Let $T=1,\lambda =-1,v_0\left(t\right)=0$. Define

$$v_{n+1}\left(t\right)=u_T{e}^{\lambda (T-t)}-{\int }_t^T{e}^{\lambda (s-t)}\left[f\left(s,v_n\left(s\right)\right)+\lambda v_n\left(s\right)\right]ds,n=0,1,2,\cdots .$$

Then, the approximate solutions of the above TVP are

$$\begin{array}{cc}\hfill v_1\left(t\right)& =(t-2)\left[e^{(t-1)}-1\right]\hfill \\ \hfill v_2\left(t\right)& =\left\{t+sin\left\{(t-2)\left[e^{(t-1)}-1\right]\right\}-2\right\}·\left[e^{(t-1)}-1\right]\hfill \\ \hfill \cdots \end{array}$$

The image of the approximate solutions of $v_1,v_2$ is the Figure 1.

5. Discussion

In this paper, we have constructed an iterative monotone sequence and verified that this sequence is convergent to a solution of problem $\left(\mathbf{TVP}\right)$. Other assumptions ensure the uniqueness of this solution.
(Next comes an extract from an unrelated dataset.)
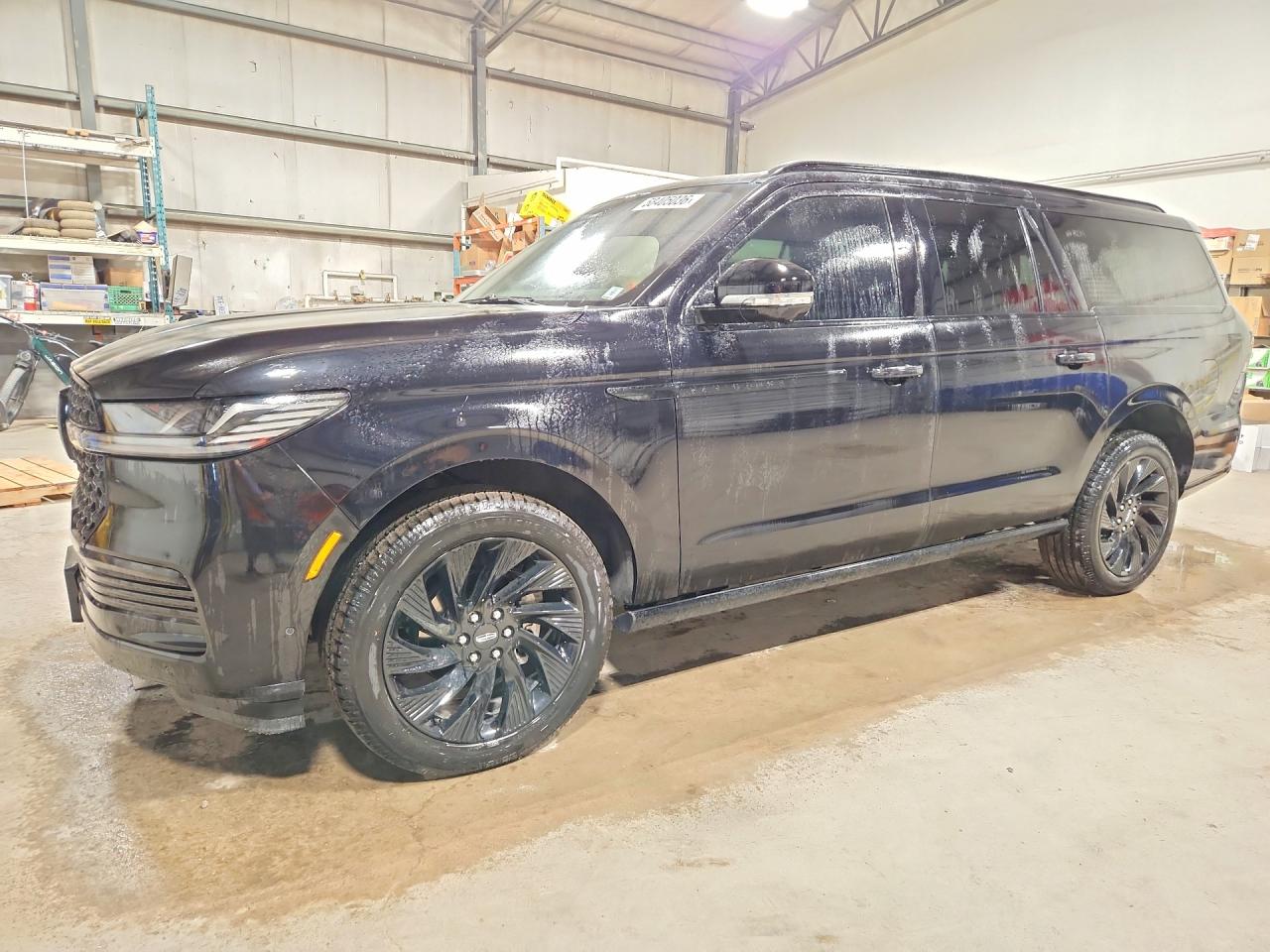2025 Lincoln Navigator Reserve, VIN 5LMJJ3LG3SEL15255 — Minor dents and scratches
Our uniqueness result is a $\mathbf{local}\mathbf{result}$, which means that the problem may have multiple solutions in the space $C[0,T]$.

6. Conclusions

In this paper, we have used comparison lemmas, an iterative technique and a fixed point method to obtain the existence and uniqueness results of solutions for a terminal value problem of the first-order differential equation. Our discussion lies in a bounded interval. It is an interesting problem to extend the study to an unbounded interval, i.e.,

$$\left\{\begin{array}{cc}{x}^{\prime }\left(t\right)\hfill & =f(t,x(t\left)\right)\hfill \\ x(\infty )\hfill & =\underset{t\to \infty }{lim}x\left(t\right)=u_{\infty }\hfill \end{array}\right.$$

We will try to find appropriate conditions to ensure the existence and uniqueness of the solution to the above problem.